Winning The War On Terror

terrorismWe can win the War on Terror but, quite honestly, I don’t think we have the stomach for it yet.  Remember, we live in a society were mere discussion can send us scurrying for our “safe space.”   A society that issues warnings on innocuous television programs and needs trigger words to alert us to the possibility of distasteful conversation.  We live in a society where the most heinous crime of all is offending someone.  Personally, I think we’re quite content to battle evil with flowers and teddy bears and candlelight vigils in some sort of sad celebration of a moral victory.  It’s ’cause we believe moral victories are the bestest ones and that the institutions which guarantee us the leisure to celebrate them (or whatever) are unassailable.  These are adolescent assumptions and they’re wrong.  So until we grow up and deal with terrorism like adults, the body counts are going to mount.  But what the hell — maybe somebody’s listening.

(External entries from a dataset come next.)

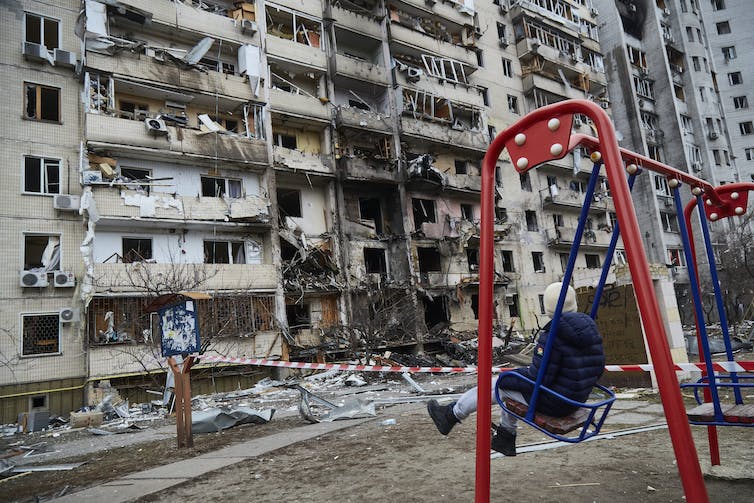 A child swings in front of a destroyed, burned looking building.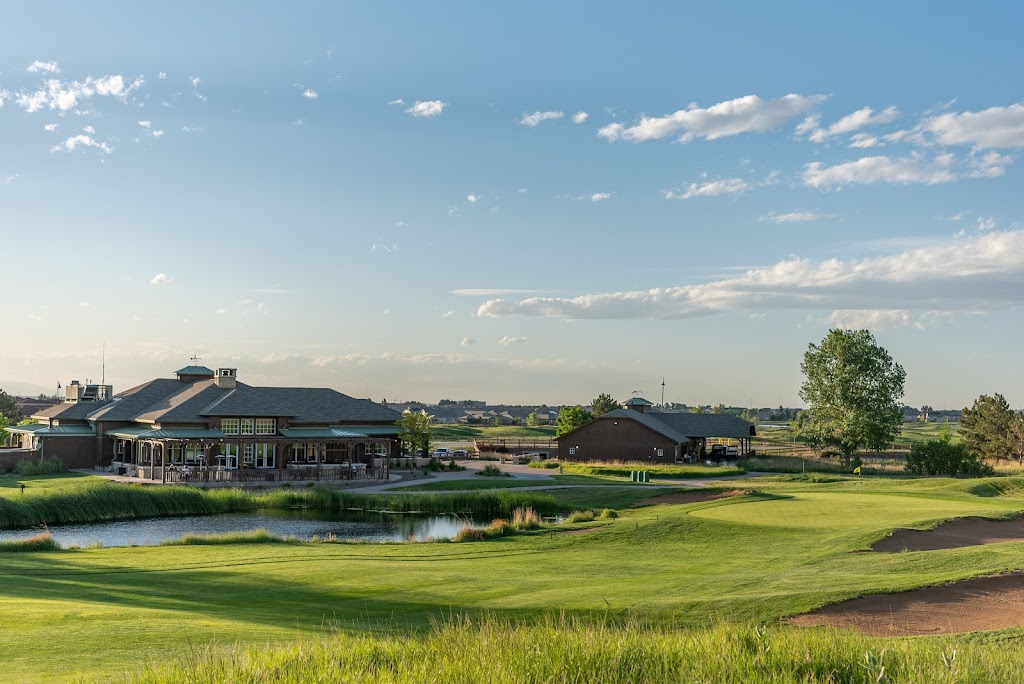 Panoramic view of a lush green golf course at Buffalo Run Golf Course. Smooth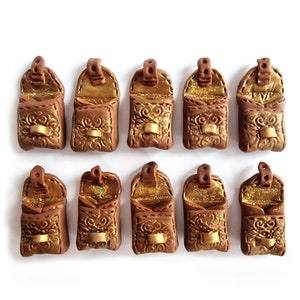 Op de afbeelding: Tien miniatuur bruine leren tassen met gouden accenten en glitter van binnen. De tassen zijn open en hebben een klep sluiting. De tassen zijn gerangschikt in twee rijen van vijf.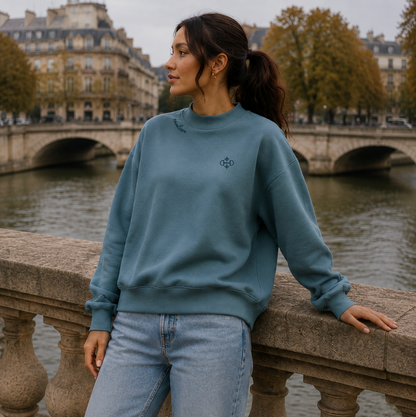 A woman wearing a sea blue mock neck crewneck sweatshirt and light wash jeans stands on a stone bridge with a river and Parisian-style buildings in the background.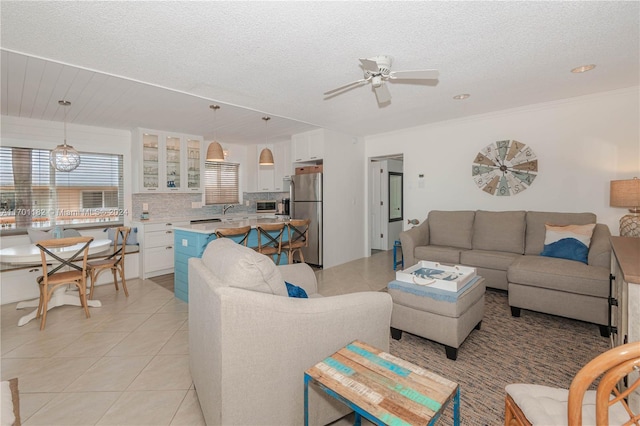 living room featuring ceiling fan, sink, light tile patterned flooring, and a textured ceiling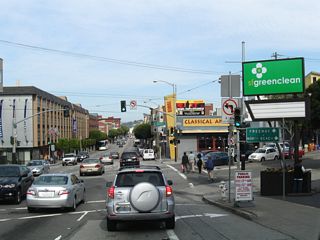 A major intersection along Bay Street is with Columbus Avenue and Jones Street in North Beach. This (basically) six-way intersection allows for a turn onto Columbus Avenue southeast toward the Financial District. Jones Street travels north-south. Note the signage for "freeway" and "North Beach." A defunct Tower Records store is notable at this intersection.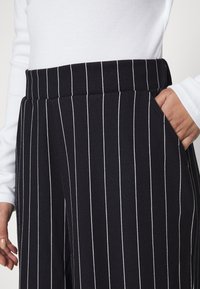 Schwarze Hose mit weißen vertikalen Streifen, ausgestattet mit einem breiten Bund und seitlichen Taschen. Der Stoff wirkt glatt mit einer feinen Struktur.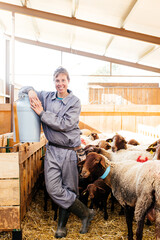 Smiling female farmer standing near sheep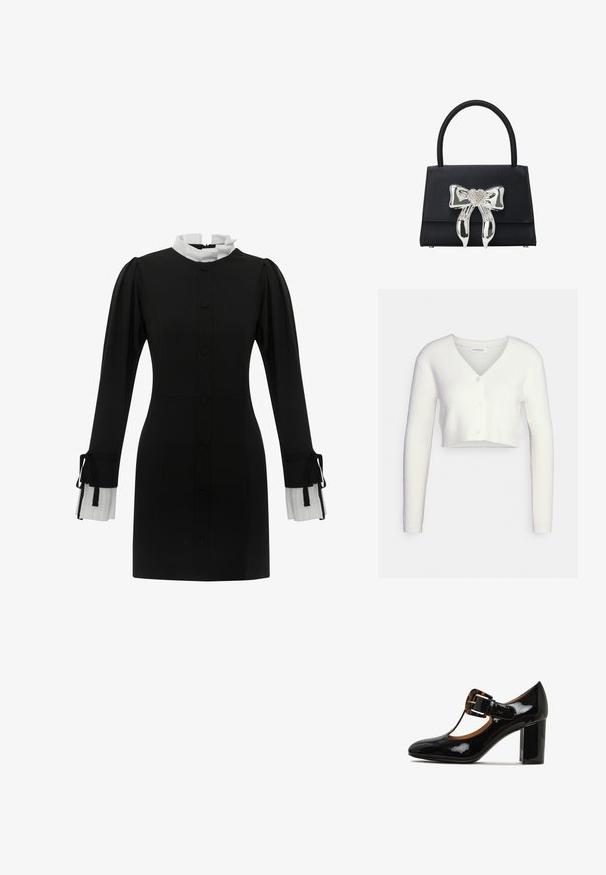 Hvid cropped cardigan lavet af tekstureret stof; har V-hals og tre knapper foran, med lange ærmer og en tætsiddende silhuet.; Sort kjole med høj hvid krave, knappelukning foran og lange ærmer med plisserede hvide manchetter med snore. Glat stoftekstur.; Sorte laklæder højhælede sko med rund tå, T-strop design og en skildpaddemønstret spændeaccent på overdelen. Blokhæl.; Sort håndtaske med struktureret design, udstyret med en blank sølvsløjfe med et rhinestones hjerte i midten og et kort, afrundet håndtag.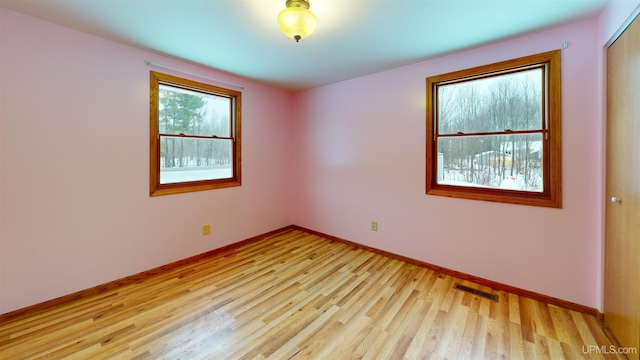 unfurnished room featuring light hardwood / wood-style flooring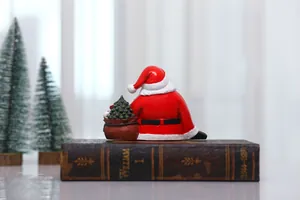 Detail of Santa Claus resin figurine sitting on vintage books with a gift bag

First of all, this is the 21st century.  The military tactics of the 20th century don’t work anymore and  there is no longer any gallantry, glory or noblesse oblige in war.  It’s only nasty, brutal and mean.  Know this.  If you want the moral high ground, don’t fight in the first place.

Secondly, the Enlightenment is a European concept.  Like it or don’t, over 80% of the world has no cultural memory of it.  We believe that the rule of law, personal liberty, tolerance and representative democracy are universal truths.  They’re not.  They’re the luxuries of a successful society.  Strive as we might for these ideals, the real truth is the majority of the people on this planet don’t give a rat’s ass for them — if they understand them in the first place.  Thinking that jihadists and their buddies are one ballot box away from playing nice is naive stupidity.

So — What is to be done?
We have to bring all of our military, economic, technological, creative and industrial power to bear on this, people!  We need to put the jihadists in our crosshairs and take the fight to them and their friends.

One — Eldridge Cleaver said “There is no more neutrality in the world. You either have to be part of the solution, or you’re going to be part of the problem.”  We need to remember this — always — and make certain the rest of the world understands it.

Two — Cut off the cash.  Terrorism is an expensive proposition, and the last time I looked, ISIS wasn’t holding any bake sales to finance it.  Their money is coming from somewhere — idiot donors, misguided do-gooders, Iranian Ayatollahs, out-and-out petro-corruption?  Who cares?  We need to bankrupt the donors, whoever they are.  We need to make supporting jihad a luxury nobody can afford.

Three — Disrupt their communication.  Anonymous’ declaration of war against ISIS is a good start, but we need to shut everything down.  We have an abundance of basement-dwelling hackers in the West who would be more than happy to create chaos across the ISIS Internet.  Turn them loose!  They’ll probably do it for free — and sit back and watch Paris Hilton’s Sex Tape popping up on laptops and Smart phones all over the Middle East.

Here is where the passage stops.